__Problem to work on__: All of the records below should be retyped exactly, with no pictures included.
[[ Supplied information open ]]
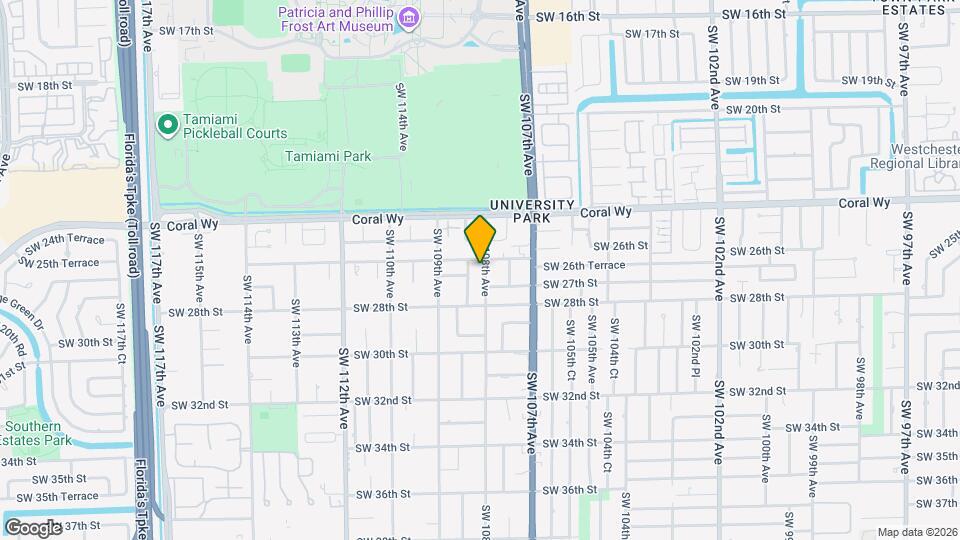 2610 SW 108th Ave Map and Location Details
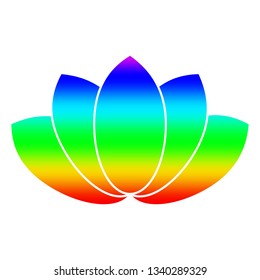 Lotus flower symbol. Design element for branding
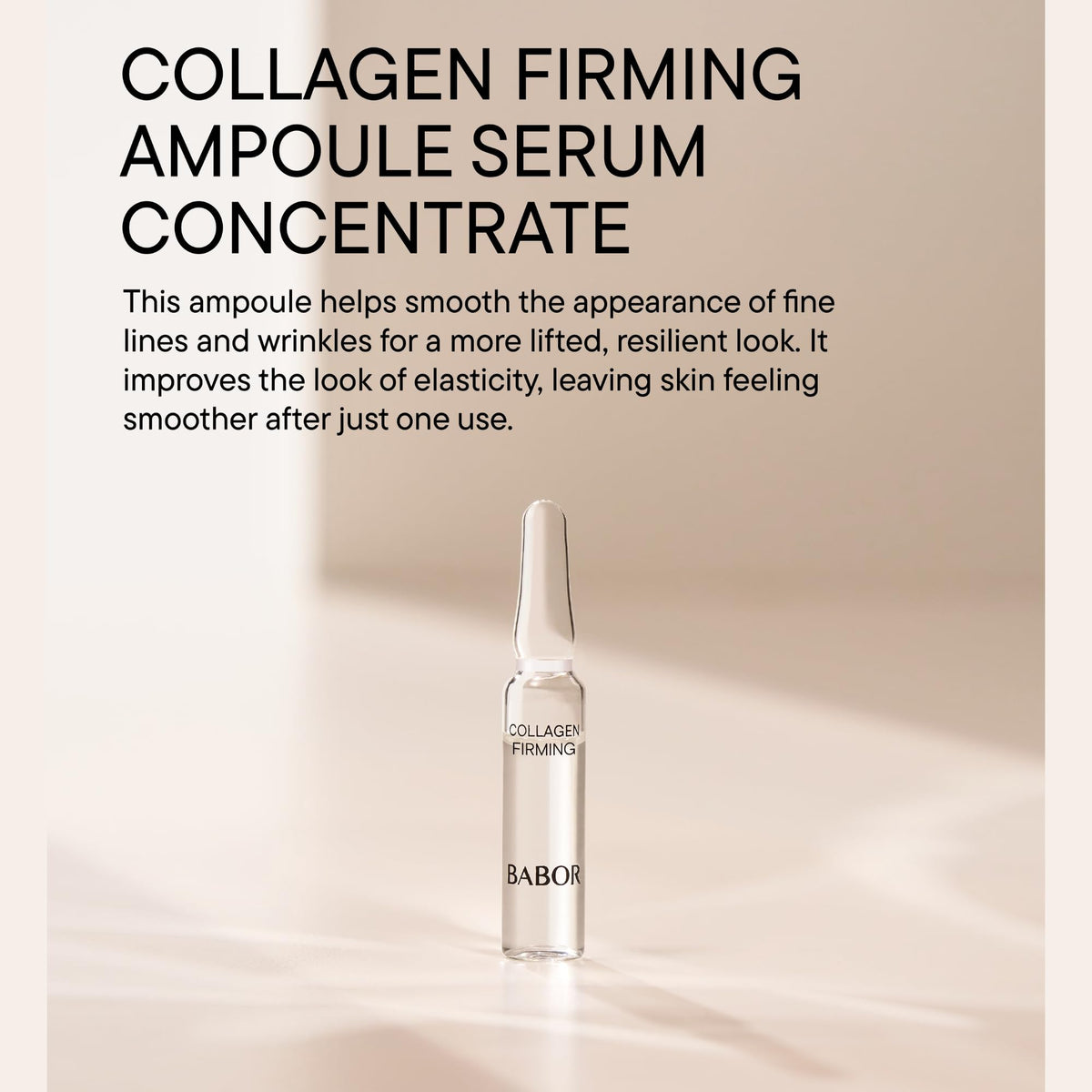 BABOR ampoule open pouring serum to deliver precise single-dose benefit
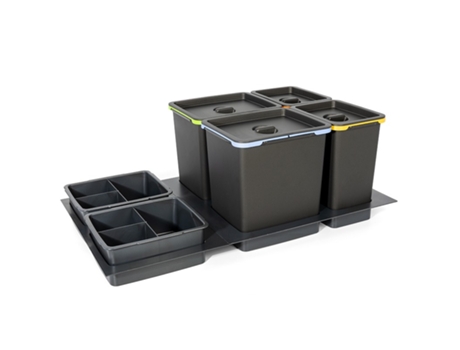 Cubo Basura Modelo Basso M900 2X16L 2X8L 2 Recipientes Modelo Antracita JUYPAL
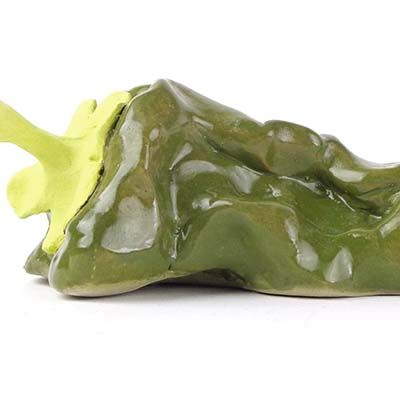 Large Green Pepper, ceramic WHYE059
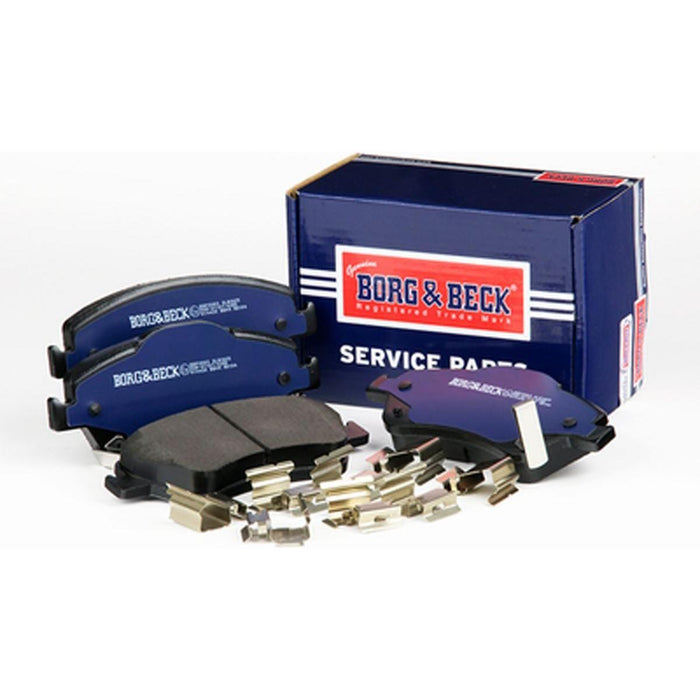 Genuine Key Parts KBP2083 Front Brake Pads-Includes Wear Indicators (Bosch) Key Parts  - Dynamic Drive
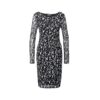 Vestido Jersey Balnco Negro Mujer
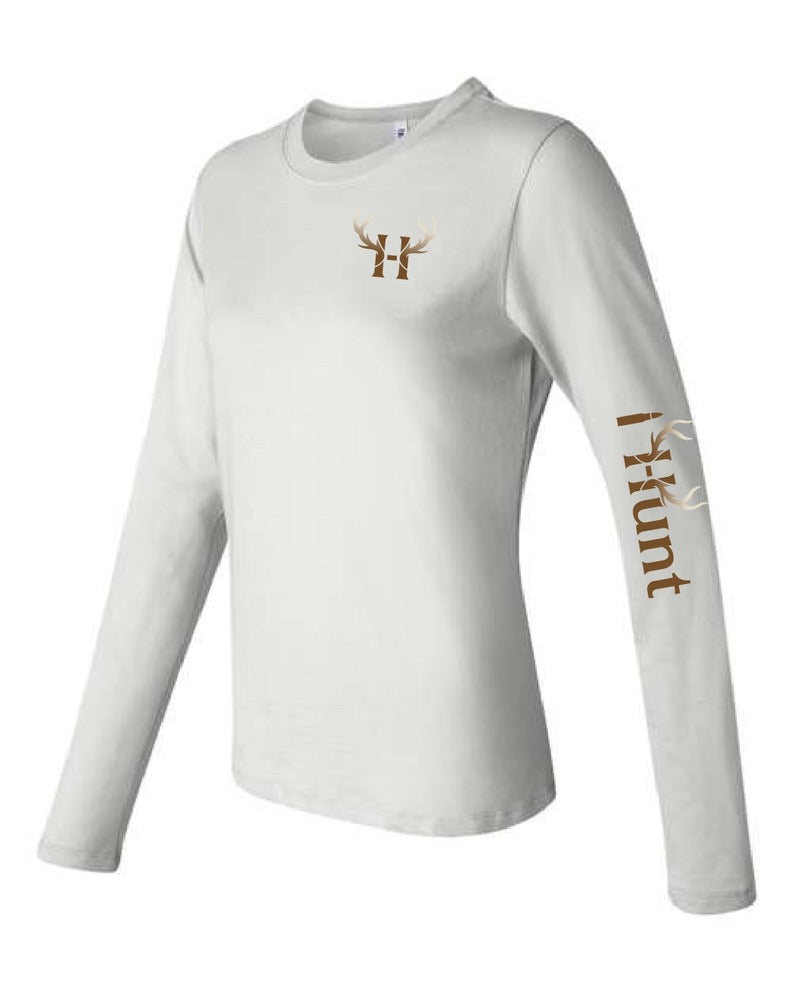 Women Long Sleeve Tee Full IHunt on Sleeve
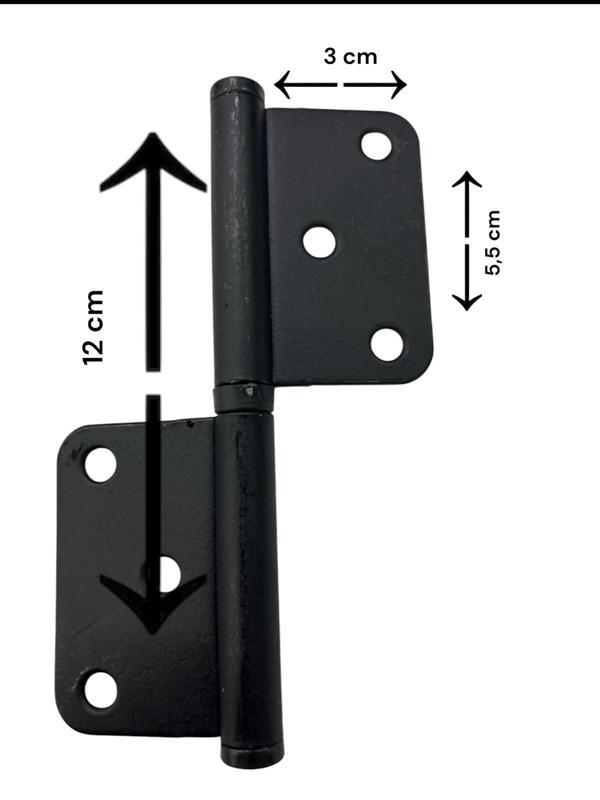 Ennalbur 12 cm Siyah Yönsüz Cerman Menteşe - Image 1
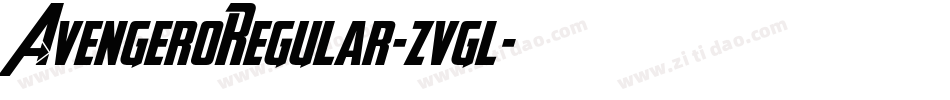 AvengeroRegular-zvgl字体转换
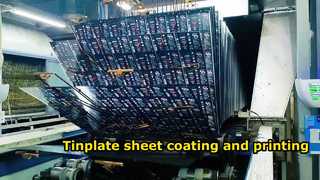 Folhas de lata para embalagem de chá premium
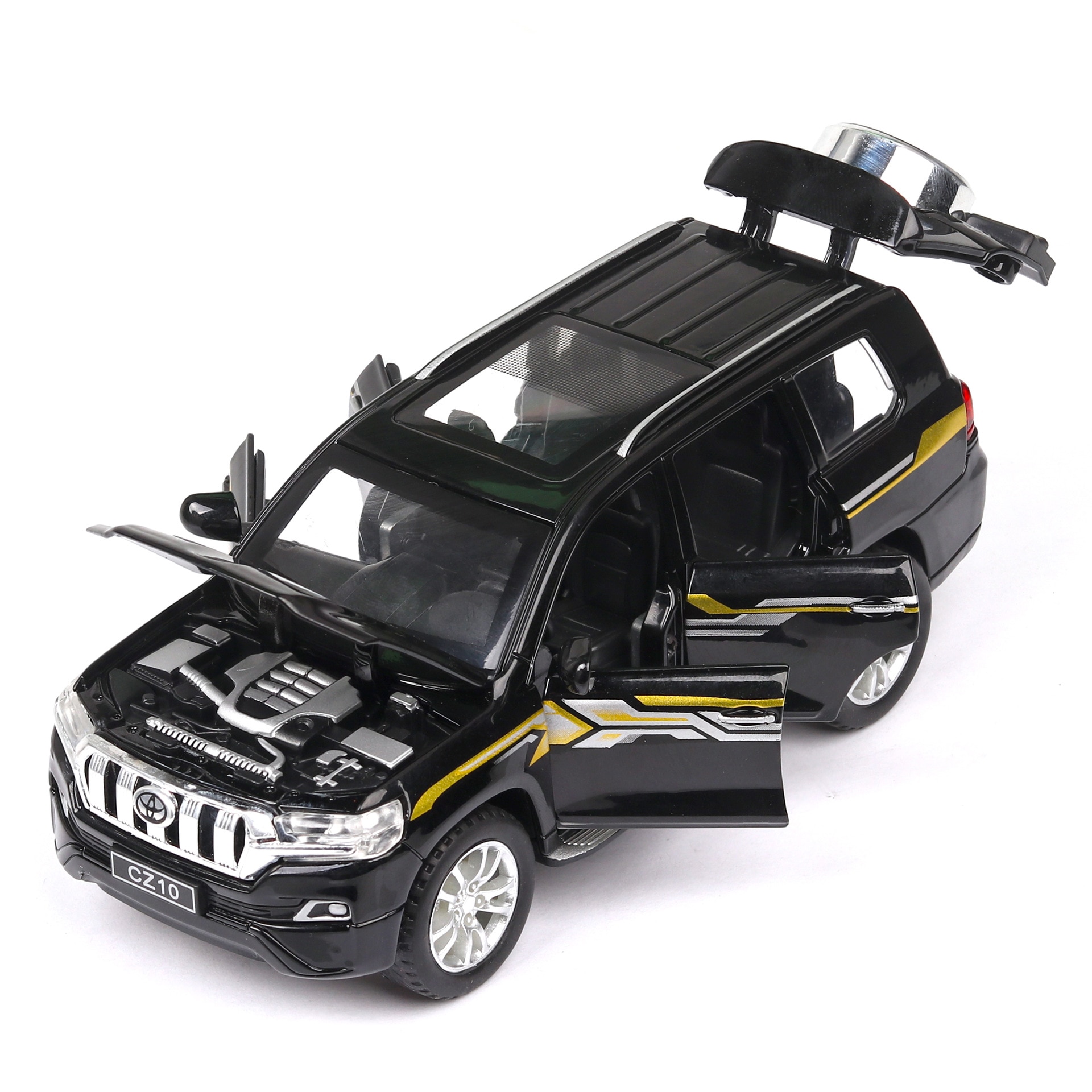 

Машинка Toyota Prado CheZhi 1:32 CZ15w черный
[[ Supplied information closed ]]
__Final answer__:
 2610 SW 108th Ave Map and Location Details
 Lotus flower symbol. Design element for branding
 BABOR ampoule open pouring serum to deliver precise single-dose benefit
 Cubo Basura Modelo Basso M900 2X16L 2X8L 2 Recipientes Modelo Antracita JUYPAL
 Large Green Pepper, ceramic WHYE059
 Genuine Key Parts KBP2083 Front Brake Pads-Includes Wear Indicators (Bosch) Key Parts  - Dynamic Drive
 Vestido Jersey Balnco Negro Mujer
 Women Long Sleeve Tee Full IHunt on Sleeve
 Ennalbur 12 cm Siyah Yönsüz Cerman Menteşe - Image 1
 AvengeroRegular-zvgl字体转换
 Folhas de lata para embalagem de chá premium

Машинка Toyota Prado CheZhi 1:32 CZ15w черный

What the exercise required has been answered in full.